They were utterly lost as far as this saddle and the other couple of non english ones go. They have this saddle listed at $250!! I am thinking that I could probably get it for $225 or so if I like it. However, since I can get shims and custom shape it, that actually works really great! 

Mana is coming four and I expect some changes in shape as far as him growing but as well as him becoming fit when we start riding regularly in the next month or two. I was worried that I would buy something now and have it not fit by next year. 

This could work nicely! I'm even more excited now! It does have a couple of small shims that seem to protect the main foam from the stirrup leathers, but otherwise, I think I'll have to buy some more shims. I was wondering why it was so flat through the bars. 

Also, the stirrup leathers can be set more forward or back on the tree which is nice since my legs are rather short.
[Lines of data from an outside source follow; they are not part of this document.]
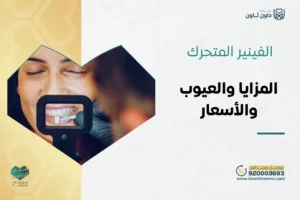 الفينير المتحرك: المزايا والعيوب والأسعار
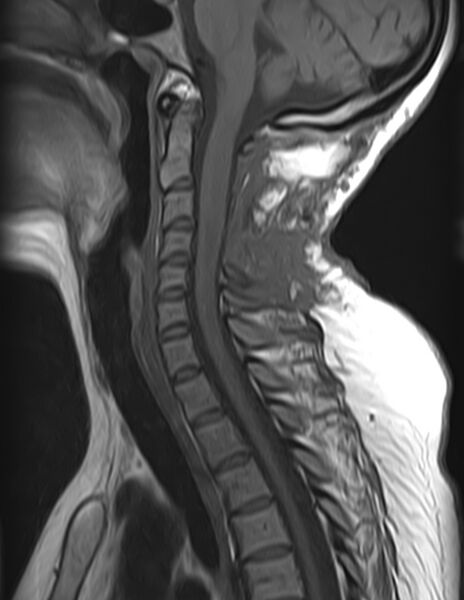 File:Astrocytoma - spinal cord (Radiopaedia 69769-79758 Sagittal T1 6).jpg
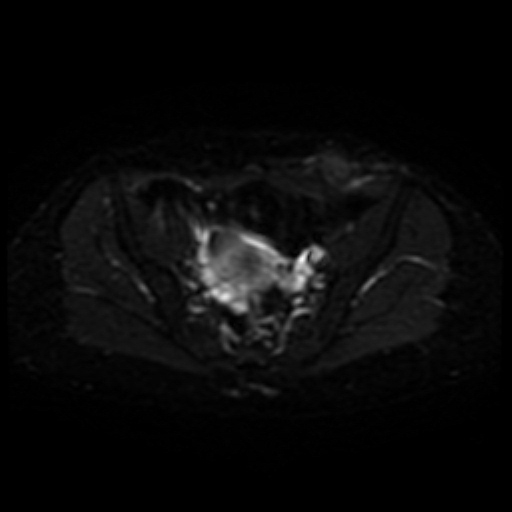 File:Cesarian section scar endometriosis (Radiopaedia 66520-75799 Axial DWI 9).jpg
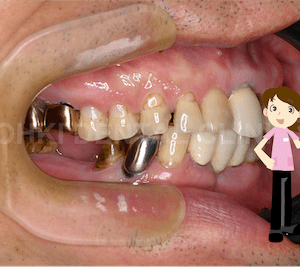 奥歯をインプラントにするメリットとデメリットを解説のイメージ
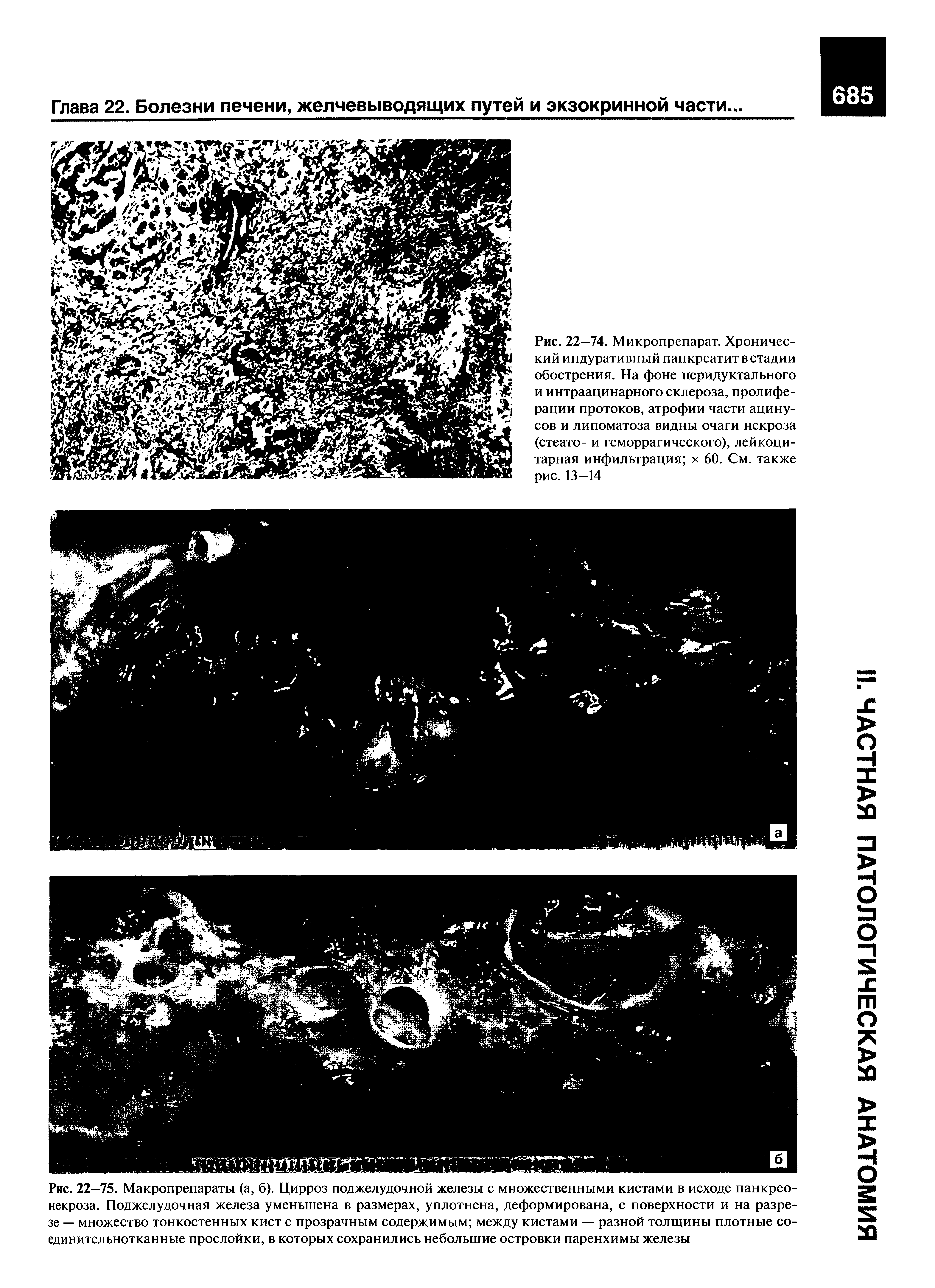 Рис. 22—74. Микропрепарат. Хронический индуративный панкреатит в стадии обострения. На фоне перидуктального и интраацинарного склероза, пролиферации протоков, атрофии части ацинусов и липоматоза видны очаги некроза (стеато- и геморрагического), лейкоцитарная инфильтрация х 60. См. также рис. 13-14...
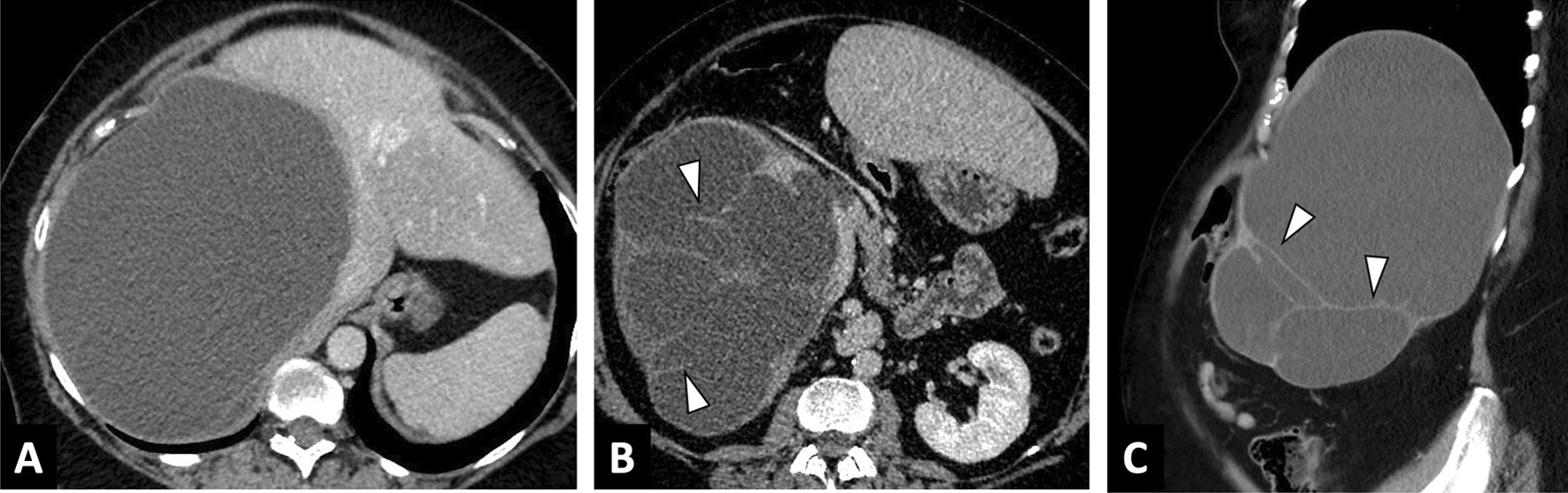 Fig. 15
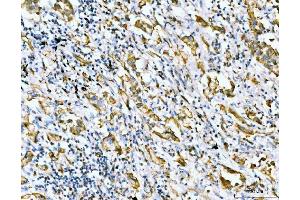 IHC analysis of Filamin B/FLNB using anti-Filamin B/FLNB antibody (ABIN7601606). (FLNB antibody  (AA 397-701))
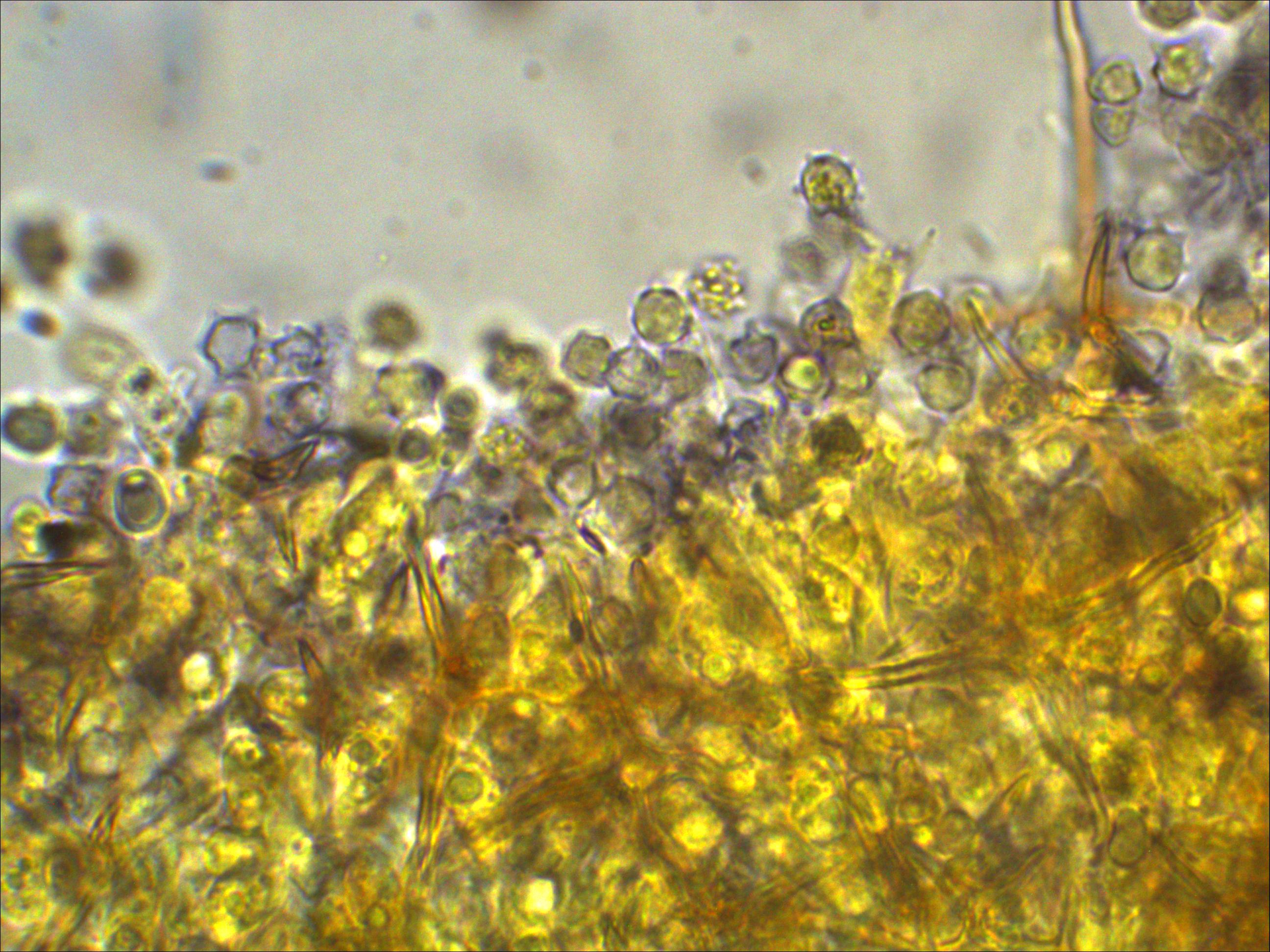 Asterostroma cervicolor ochroleucum medium Rindenpilz Asterosetae Sporen amyloid ornamentiert Mikroskopie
It took some work because you have to unscrew some things, but I am really diggin' it.

For $250, even if I don't like the saddle, maybe I should buy it anyway and resell it? It is in really fantastic shape. No wear on the seat or fenders at all. A couple of small scuffs and some corrosion on the hardware, but nothing bad at all and the billets are hardly used either. (I'd replace the hardware anyway) 

I love shopping at these tack shops in the more affluent areas. The people with money to burn try new things, don't like it and drop it off just to get it out of their faces and don't really care what it brings. The two aussie saddles were basically brand new, however they were 15 and 16 inches (Small adult/large kid sizes as far as Aussies go). I am betting they bought them for the kids, kids decide they don't like them and they shipped them off the the saddle shop. Haha. Wish I had that kind of money.

So you guys think it looks like it's a good saddle? I like that it will be highly adjustable for my growing boy. The price is nice too. I think it'd be reasonable to buy the saddle and pay for shims too. 

I will definitely spam you guys with pics of the ride. If the padding on it right now is not fit for Mana, I may have to get creative with my pads to make it work for the test. 

Joe: I didn't pay much attention to it since it wasn't in my size. I am going back on tuesday, I'll take a closer look at it and let you know the details. I know it was a name brand that I'd seen before. Just didn't pay any attention to it at the time.


----------



## Joe4d

i think guys are to spread out to to just copy another endurance rider. Simple matter of anatomy


----------



## jillybean19

If you don't get it, I want it. If you sell it, I want it. I know a few people (like myself) who would love that saddle - and I'll pay more for it than you paid for it. Just sayin.


----------



## jillybean19

If it is, indeed, a Specialized (and I'm almost certain it is), the you found yourself the steal of a lifetime and make me sick that I didn't find it first 

Not even kidding, I would have bought that saddle in less than a heartbeat, even if I didn't have a horse.


----------



## jillybean19

Joe4d said:


> i think guys are to spread out to to just copy another endurance rider. Simple matter of anatomy


Please explain? I'm utterly confused.


----------



## grayshell38

I will definitely keep that in mind. However, as far as my budget goes, this saddle fits in nicely right now. If I bought one of the newer saddles, I'd have to wait a month or two. I can swing this one right now with my tax money. 

I will keep my eyes open for you guys. Like I said, these rich people don't know what they want. It's ridiculous. I find nice quality western stuff tossed in the back of a pile and priced for nothing because they don't know/care about western. I'm loving it. 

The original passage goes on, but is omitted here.